In neither of these cases was it reasonable to assume or even suspect that the crimes alleged to have been committed by the president would continue under Gerald Ford or Al Gore. But what if it is not only shown and/or reasonably suspected that the president, the vice president, and many other members of his administration are compromised by a foreign power but that also the president and vice president’s election was secured with the assistance of that same foreign power through either or both of psyops (e.g., Internet trolling, Wikileaks’ release of HRC-related emails) or direct manipulation of voting results in certain districts (allegations of which are thus far unproven as far as I know)? If a foreign government’s active measures helped to throw an election in favor of a candidate who has financial and political ties with that same foreign government and whose associates and appointees have similar ties with that same foreign government, and especially if that government has leverage over those same people such that their actions and decisions can be guided and constrained by that government, then the entire White House all the way down to Executive Branch appointees and Judicial Branch appointees, can in my view be considered illegitimate.
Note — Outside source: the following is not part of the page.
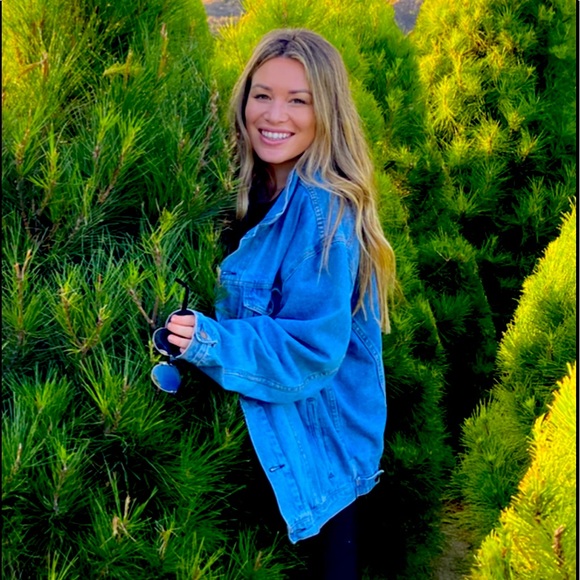 Meet your Posher, Chelsea - Picture 1 of 2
What then? This is where the “Takei Solution” breaks down; the Constitution doesn’t offer a remedy for this. A conspiracy that compromises the entire Executive Branch is simply out of scope. But it doesn’t have to remain so.
I therefore suggest that the Congress take up drafting a new Constitutional Amendment (the XXVIIIth) to accomplish the following if invoked by Congress (I am only roughly fleshing this out and I’m not saying that these ideas don’t have major flaws):
- Appoint a chartered Provisional Executive (PE) with a Chair whose powers are roughly equivalent to that of the president. The PE’s primary mission is continuity of operations and has a time-limited term (I’d suggest two years) in which to complete its charter, but once its charter is completed it will dissolve even if its term isn’t up.
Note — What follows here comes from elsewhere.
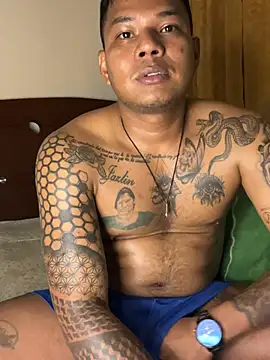 Saipuer31 élő XXX-chatje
- The Cabinet will be discharged, basically resetting things to the point where they would be at the beginning of a new president’s term. Non-political appointees within the Cabinet-level agencies would assume the title of Acting Secretaries.
- Judicial seats appointed by the deposed president would be vacated, to include any on the Supreme Court, and all of that president’s not-yet-seated nominees will be disqualified.
- The PE will mount a new presidential election using the already-specified calendar dates but in the next practically-achievable year. There will have to be time for a proper campaign and even for potential candidates to “test the waters” before committing to run. If we wind up with our elections on odd-numbered years for the foreseeable future, so be it; that’s nothing compared to having a Provisional Executive hold power for a year or more longer than it absolutely has to.
For the composition of the PE I might suggest that representatives and senators nominate member from their own houses, with special elections to be held to replace them in Congress.
I believe that adding this Amendment would avoid the potential spectacle of Congress trying to accomplish the same effect — badly — by first impeaching the president, the vice president, the president pro tempore of the Senate, etc., etc. until it is thought that the president eventually arrived at is sufficiently uncompromised to remain in the office. It would give Americans and the rest of the world confidence now and for evermore that if the United States’ leadership is badly compromised by an external power, it isn’t a constitutional crisis and that in fact, the Constitution is built to handle this kind of stressor. Without such a mechanism, there’s going to be a natural tendency for Congress to do nothing in such an eventuality because serial use of the impeachment remedy looks ridiculous.